TASK ITEM => Could you set down every entry exactly as it stands, without the images?

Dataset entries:
== == ==

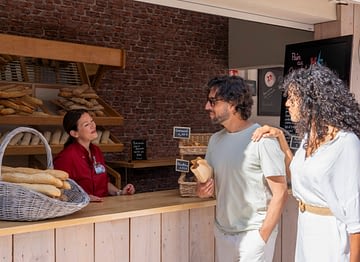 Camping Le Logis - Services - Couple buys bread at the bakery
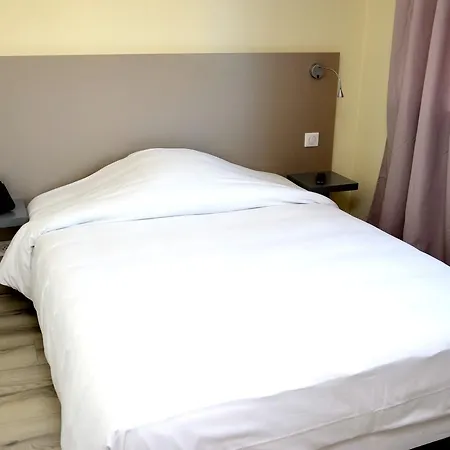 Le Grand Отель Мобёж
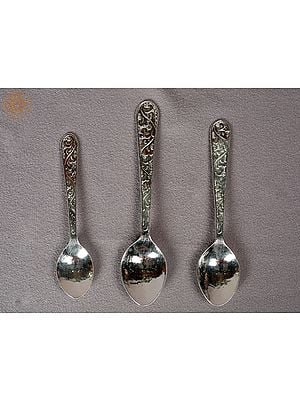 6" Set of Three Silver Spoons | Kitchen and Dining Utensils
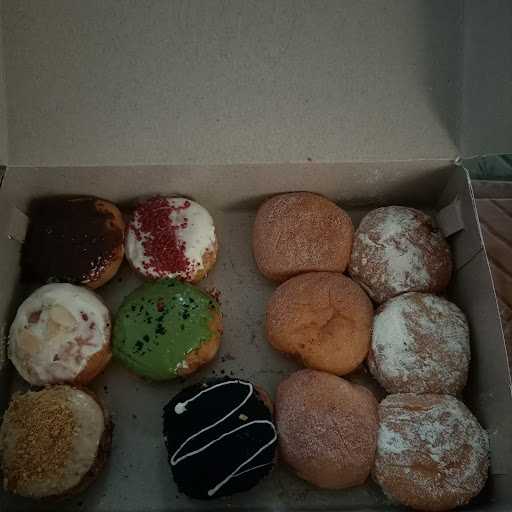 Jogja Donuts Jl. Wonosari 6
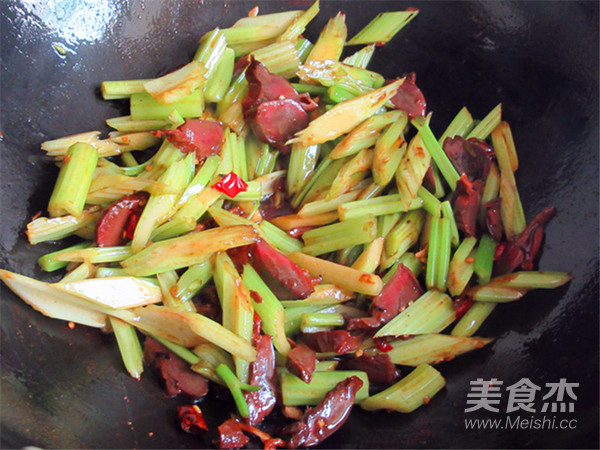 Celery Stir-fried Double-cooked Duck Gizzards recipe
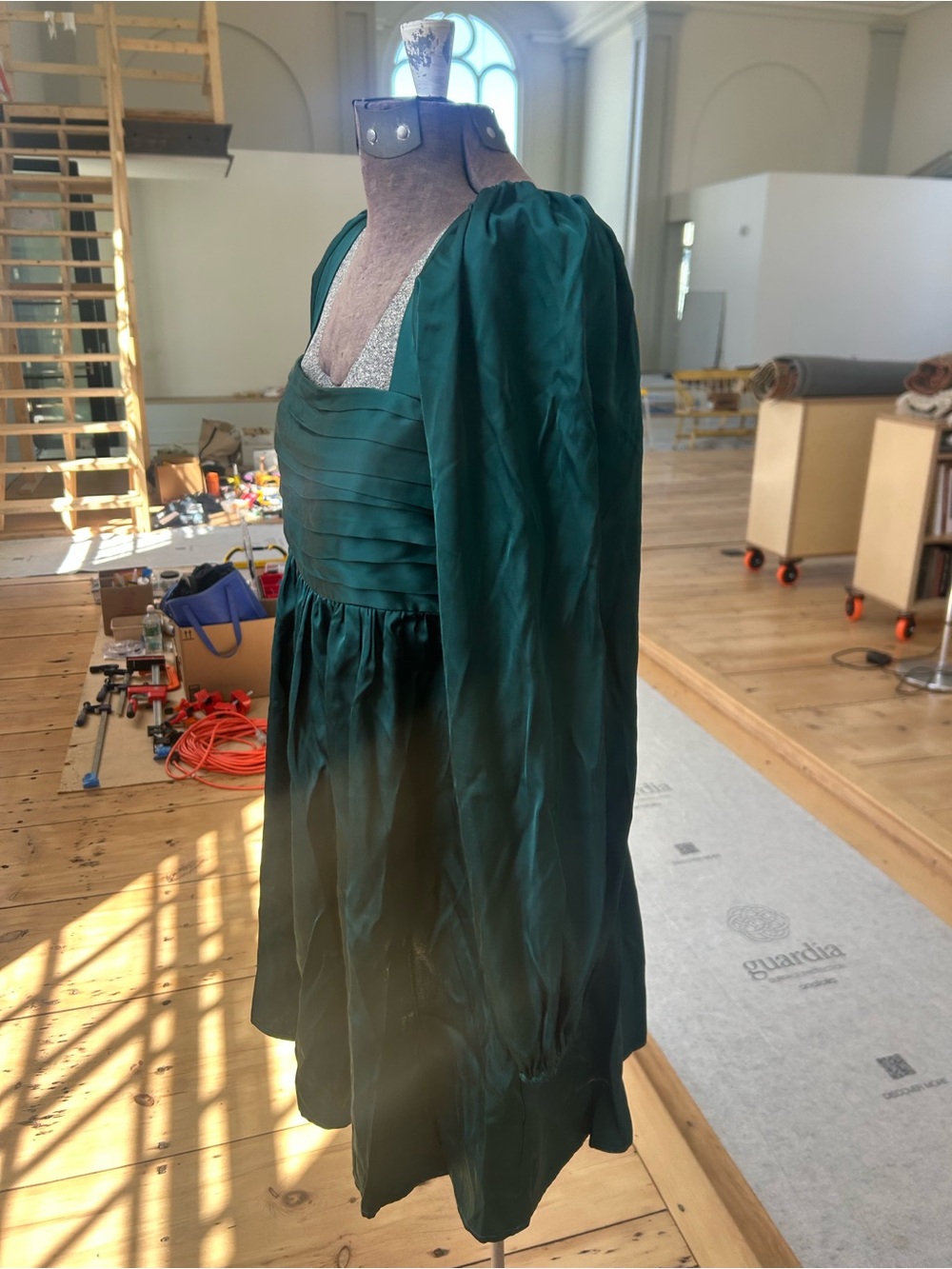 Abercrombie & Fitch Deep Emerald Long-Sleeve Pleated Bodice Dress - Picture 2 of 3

== == ==

EXERCISE OUTPUT =>
 Camping Le Logis - Services - Couple buys bread at the bakery
 Le Grand Отель Мобёж
 6" Set of Three Silver Spoons | Kitchen and Dining Utensils
 Jogja Donuts Jl. Wonosari 6
 Celery Stir-fried Double-cooked Duck Gizzards recipe
 Abercrombie & Fitch Deep Emerald Long-Sleeve Pleated Bodice Dress - Picture 2 of 3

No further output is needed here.